> _What you need to do_
Up to and including the line with "Assalamu alaikum. This", restate the records below word for word, beginning with their first line.

-- Opening Marker --

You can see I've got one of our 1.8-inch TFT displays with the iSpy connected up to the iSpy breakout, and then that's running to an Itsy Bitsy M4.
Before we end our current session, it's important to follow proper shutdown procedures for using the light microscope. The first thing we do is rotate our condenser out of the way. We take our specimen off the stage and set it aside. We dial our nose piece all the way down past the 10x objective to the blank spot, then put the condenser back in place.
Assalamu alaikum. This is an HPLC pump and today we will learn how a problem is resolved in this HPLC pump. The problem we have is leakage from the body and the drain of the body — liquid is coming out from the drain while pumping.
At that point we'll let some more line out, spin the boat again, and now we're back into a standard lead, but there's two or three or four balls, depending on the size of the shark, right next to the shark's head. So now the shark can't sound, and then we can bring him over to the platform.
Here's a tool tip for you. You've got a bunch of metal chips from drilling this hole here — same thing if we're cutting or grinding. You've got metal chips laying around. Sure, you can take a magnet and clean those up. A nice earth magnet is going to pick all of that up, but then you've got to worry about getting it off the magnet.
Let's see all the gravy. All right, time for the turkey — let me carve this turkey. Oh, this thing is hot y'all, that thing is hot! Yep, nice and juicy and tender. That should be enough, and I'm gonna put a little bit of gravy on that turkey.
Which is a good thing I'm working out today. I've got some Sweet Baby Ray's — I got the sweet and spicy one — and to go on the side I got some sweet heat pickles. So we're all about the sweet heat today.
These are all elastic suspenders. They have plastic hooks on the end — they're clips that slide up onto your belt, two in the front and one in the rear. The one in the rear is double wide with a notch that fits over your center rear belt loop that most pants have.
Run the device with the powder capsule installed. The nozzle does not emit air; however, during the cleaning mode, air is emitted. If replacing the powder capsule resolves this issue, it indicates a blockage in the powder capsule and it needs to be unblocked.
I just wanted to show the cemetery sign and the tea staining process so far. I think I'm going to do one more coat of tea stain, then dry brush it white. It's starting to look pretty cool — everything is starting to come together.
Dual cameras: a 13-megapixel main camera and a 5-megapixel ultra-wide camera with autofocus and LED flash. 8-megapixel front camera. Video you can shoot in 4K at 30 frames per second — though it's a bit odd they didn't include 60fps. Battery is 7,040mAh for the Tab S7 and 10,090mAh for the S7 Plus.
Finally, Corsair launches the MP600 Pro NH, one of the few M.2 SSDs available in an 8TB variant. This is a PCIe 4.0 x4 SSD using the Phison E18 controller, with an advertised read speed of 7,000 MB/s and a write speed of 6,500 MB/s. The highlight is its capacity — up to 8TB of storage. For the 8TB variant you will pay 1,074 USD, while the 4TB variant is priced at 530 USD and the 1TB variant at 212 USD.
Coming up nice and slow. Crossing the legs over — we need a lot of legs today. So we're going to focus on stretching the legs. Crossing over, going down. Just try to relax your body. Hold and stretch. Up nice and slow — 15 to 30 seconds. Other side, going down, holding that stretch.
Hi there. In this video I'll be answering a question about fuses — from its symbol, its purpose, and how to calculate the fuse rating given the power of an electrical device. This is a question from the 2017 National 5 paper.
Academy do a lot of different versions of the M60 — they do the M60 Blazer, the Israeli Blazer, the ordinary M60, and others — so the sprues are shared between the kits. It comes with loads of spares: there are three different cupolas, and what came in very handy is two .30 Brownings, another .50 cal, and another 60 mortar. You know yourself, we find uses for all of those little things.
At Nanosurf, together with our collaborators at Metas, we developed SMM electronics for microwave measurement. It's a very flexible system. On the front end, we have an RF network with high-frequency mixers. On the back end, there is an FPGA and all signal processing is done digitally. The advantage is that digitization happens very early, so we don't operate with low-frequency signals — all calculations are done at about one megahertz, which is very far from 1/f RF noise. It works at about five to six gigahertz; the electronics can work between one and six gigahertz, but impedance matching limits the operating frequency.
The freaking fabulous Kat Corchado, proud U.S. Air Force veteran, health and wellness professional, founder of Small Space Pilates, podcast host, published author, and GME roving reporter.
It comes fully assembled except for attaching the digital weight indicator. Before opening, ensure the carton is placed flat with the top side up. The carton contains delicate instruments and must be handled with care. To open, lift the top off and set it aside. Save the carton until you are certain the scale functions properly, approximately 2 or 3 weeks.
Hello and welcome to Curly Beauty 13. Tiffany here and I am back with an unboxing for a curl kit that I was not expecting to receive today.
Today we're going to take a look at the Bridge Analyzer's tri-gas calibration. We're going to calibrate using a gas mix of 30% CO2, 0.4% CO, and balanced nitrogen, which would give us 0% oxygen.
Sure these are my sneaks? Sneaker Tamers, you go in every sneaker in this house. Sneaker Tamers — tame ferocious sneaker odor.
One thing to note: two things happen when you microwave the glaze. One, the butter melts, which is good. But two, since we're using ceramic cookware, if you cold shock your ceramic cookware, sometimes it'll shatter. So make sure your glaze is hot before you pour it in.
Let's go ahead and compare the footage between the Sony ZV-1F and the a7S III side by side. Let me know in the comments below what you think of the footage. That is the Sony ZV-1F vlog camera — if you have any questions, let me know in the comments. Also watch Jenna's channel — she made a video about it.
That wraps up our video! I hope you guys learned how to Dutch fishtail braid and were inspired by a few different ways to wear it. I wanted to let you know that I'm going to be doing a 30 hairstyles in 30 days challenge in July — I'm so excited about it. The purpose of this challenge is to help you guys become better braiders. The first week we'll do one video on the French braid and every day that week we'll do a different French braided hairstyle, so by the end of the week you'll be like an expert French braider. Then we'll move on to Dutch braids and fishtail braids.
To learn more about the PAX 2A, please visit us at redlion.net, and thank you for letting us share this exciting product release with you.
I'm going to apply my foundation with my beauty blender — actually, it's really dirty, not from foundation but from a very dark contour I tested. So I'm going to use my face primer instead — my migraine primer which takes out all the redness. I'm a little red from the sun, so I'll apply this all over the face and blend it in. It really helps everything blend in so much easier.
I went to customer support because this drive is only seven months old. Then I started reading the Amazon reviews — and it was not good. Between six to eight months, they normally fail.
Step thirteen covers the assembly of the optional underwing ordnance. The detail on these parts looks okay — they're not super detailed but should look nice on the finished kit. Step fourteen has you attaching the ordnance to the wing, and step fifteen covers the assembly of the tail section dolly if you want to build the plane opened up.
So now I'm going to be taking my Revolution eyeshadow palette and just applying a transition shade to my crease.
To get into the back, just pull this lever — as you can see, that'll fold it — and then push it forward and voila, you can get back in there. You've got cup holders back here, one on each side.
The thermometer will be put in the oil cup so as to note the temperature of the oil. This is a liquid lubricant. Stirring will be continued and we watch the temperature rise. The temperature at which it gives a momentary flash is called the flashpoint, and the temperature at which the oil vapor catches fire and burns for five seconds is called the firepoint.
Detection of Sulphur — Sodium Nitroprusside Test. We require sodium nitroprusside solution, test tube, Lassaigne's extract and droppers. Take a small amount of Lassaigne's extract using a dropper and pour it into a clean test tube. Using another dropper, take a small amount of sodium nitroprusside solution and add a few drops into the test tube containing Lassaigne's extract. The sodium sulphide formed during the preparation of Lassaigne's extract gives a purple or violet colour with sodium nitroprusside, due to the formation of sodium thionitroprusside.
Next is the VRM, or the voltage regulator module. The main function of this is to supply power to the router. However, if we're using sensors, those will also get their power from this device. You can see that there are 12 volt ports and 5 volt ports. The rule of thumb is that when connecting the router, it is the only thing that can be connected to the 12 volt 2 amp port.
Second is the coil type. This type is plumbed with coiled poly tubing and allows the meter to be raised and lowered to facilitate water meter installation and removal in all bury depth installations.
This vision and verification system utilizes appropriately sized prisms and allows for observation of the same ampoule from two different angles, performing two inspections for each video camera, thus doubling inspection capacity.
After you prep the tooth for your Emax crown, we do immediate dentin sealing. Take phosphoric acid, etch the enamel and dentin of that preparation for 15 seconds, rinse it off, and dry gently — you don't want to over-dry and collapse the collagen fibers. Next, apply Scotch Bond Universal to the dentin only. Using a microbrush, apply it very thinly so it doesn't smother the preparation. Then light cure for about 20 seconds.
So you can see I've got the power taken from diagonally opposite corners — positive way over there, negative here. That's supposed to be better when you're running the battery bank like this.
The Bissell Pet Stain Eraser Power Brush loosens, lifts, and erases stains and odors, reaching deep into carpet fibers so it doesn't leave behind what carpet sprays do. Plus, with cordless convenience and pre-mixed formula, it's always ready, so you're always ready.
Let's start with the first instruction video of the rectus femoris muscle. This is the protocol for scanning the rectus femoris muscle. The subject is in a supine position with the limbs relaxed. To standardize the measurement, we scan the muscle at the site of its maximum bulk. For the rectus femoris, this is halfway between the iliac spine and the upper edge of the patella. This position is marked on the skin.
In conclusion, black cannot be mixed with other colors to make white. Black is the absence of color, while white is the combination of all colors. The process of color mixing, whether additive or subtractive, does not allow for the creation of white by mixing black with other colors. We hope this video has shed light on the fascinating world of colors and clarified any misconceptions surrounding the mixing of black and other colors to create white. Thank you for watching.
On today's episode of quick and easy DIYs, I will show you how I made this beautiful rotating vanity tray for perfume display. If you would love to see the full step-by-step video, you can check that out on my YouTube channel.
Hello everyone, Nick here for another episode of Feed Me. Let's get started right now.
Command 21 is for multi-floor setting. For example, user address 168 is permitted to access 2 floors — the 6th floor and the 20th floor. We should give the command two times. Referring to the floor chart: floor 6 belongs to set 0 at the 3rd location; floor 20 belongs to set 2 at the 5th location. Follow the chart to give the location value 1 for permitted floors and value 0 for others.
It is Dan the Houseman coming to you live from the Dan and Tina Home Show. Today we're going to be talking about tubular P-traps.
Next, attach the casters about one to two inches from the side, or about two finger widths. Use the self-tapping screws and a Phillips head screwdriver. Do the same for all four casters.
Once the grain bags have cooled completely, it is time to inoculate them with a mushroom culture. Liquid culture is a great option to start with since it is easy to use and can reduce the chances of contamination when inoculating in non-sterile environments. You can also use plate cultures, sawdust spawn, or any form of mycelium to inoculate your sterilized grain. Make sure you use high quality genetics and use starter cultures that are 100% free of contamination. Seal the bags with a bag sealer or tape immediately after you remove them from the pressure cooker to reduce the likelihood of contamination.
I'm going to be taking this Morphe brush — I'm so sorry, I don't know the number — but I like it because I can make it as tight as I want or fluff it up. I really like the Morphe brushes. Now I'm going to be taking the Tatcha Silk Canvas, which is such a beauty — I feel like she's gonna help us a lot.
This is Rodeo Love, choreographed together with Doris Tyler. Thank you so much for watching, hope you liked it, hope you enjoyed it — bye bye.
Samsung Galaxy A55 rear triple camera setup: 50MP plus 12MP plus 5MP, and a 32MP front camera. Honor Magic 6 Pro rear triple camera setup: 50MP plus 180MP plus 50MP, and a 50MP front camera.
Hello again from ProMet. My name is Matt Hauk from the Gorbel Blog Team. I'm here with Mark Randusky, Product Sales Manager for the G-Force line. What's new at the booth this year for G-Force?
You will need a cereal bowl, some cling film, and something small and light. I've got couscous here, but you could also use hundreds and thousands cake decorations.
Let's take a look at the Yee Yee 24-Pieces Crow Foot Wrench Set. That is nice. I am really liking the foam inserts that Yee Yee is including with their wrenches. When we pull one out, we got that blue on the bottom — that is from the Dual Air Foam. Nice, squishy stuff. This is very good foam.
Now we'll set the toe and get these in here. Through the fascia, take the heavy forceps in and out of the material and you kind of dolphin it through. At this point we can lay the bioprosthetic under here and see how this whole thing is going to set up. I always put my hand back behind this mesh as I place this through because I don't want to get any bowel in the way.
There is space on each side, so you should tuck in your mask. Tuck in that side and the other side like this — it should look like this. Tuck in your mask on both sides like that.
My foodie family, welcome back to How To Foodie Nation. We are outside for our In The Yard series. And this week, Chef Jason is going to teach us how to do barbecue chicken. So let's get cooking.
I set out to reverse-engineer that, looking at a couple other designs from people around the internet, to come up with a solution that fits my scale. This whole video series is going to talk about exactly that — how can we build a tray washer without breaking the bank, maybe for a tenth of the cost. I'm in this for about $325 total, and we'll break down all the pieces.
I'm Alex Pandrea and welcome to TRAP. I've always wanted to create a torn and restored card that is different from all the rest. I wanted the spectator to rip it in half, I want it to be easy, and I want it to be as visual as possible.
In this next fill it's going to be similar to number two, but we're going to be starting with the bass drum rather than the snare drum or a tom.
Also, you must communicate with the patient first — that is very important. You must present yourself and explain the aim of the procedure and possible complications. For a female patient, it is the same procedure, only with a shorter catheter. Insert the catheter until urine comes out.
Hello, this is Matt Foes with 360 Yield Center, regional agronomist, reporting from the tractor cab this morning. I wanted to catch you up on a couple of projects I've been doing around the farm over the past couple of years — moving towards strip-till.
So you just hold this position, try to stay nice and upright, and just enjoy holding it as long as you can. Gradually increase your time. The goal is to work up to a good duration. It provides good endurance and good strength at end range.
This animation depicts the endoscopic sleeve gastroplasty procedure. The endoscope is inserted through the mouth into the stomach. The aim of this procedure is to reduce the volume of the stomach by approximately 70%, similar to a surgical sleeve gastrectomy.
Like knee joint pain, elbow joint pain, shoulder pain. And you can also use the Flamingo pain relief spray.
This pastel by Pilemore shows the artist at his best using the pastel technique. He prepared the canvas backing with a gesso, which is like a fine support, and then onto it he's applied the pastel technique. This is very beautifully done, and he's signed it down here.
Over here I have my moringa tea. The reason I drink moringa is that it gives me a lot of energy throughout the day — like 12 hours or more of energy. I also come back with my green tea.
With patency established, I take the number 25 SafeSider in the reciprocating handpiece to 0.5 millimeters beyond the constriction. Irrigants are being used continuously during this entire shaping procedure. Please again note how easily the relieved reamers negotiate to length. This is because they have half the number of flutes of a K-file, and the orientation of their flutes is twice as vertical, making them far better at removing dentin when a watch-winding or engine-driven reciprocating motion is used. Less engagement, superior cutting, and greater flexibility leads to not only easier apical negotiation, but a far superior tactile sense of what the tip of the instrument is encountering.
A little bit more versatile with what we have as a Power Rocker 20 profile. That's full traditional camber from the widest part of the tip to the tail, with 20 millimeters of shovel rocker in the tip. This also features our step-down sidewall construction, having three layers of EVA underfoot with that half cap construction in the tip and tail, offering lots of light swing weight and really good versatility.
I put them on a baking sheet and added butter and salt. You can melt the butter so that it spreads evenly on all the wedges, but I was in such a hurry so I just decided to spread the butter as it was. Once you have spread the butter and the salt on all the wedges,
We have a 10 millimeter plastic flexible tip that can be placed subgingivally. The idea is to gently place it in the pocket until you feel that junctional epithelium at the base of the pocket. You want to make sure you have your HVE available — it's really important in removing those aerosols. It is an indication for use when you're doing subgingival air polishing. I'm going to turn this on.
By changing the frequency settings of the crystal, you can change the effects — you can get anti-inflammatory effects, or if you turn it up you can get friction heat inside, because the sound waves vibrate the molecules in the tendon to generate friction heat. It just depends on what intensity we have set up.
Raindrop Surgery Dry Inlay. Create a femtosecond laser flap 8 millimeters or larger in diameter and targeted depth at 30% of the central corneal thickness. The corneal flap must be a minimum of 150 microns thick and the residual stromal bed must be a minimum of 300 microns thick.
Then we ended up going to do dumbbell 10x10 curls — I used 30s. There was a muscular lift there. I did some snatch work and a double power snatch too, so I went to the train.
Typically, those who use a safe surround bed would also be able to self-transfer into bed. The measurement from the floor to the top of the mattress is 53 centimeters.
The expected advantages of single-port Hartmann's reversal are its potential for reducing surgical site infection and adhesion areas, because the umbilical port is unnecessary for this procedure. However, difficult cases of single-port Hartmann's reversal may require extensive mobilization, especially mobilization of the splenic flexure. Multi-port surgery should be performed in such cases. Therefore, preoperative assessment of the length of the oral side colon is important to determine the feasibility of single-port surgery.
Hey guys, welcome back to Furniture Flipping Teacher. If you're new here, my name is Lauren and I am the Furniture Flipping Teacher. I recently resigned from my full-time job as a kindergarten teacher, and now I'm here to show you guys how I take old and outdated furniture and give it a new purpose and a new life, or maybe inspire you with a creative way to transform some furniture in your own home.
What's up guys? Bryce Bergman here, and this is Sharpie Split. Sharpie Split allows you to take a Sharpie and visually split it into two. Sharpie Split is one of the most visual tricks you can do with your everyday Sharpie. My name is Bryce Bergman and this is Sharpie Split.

-- Closing Marker --

> _Solution to the exercise_
You can see I've got one of our 1.8-inch TFT displays with the iSpy connected up to the iSpy breakout, and then that's running to an Itsy Bitsy M4.
Before we end our current session, it's important to follow proper shutdown procedures for using the light microscope. The first thing we do is rotate our condenser out of the way. We take our specimen off the stage and set it aside. We dial our nose piece all the way down past the 10x objective to the blank spot, then put the condenser back in place.
Assalamu alaikum. This is an HPLC pump and today we will learn how a problem is resolved in this HPLC pump. The problem we have is leakage from the body and the drain of the body — liquid is coming out from the drain while pumping.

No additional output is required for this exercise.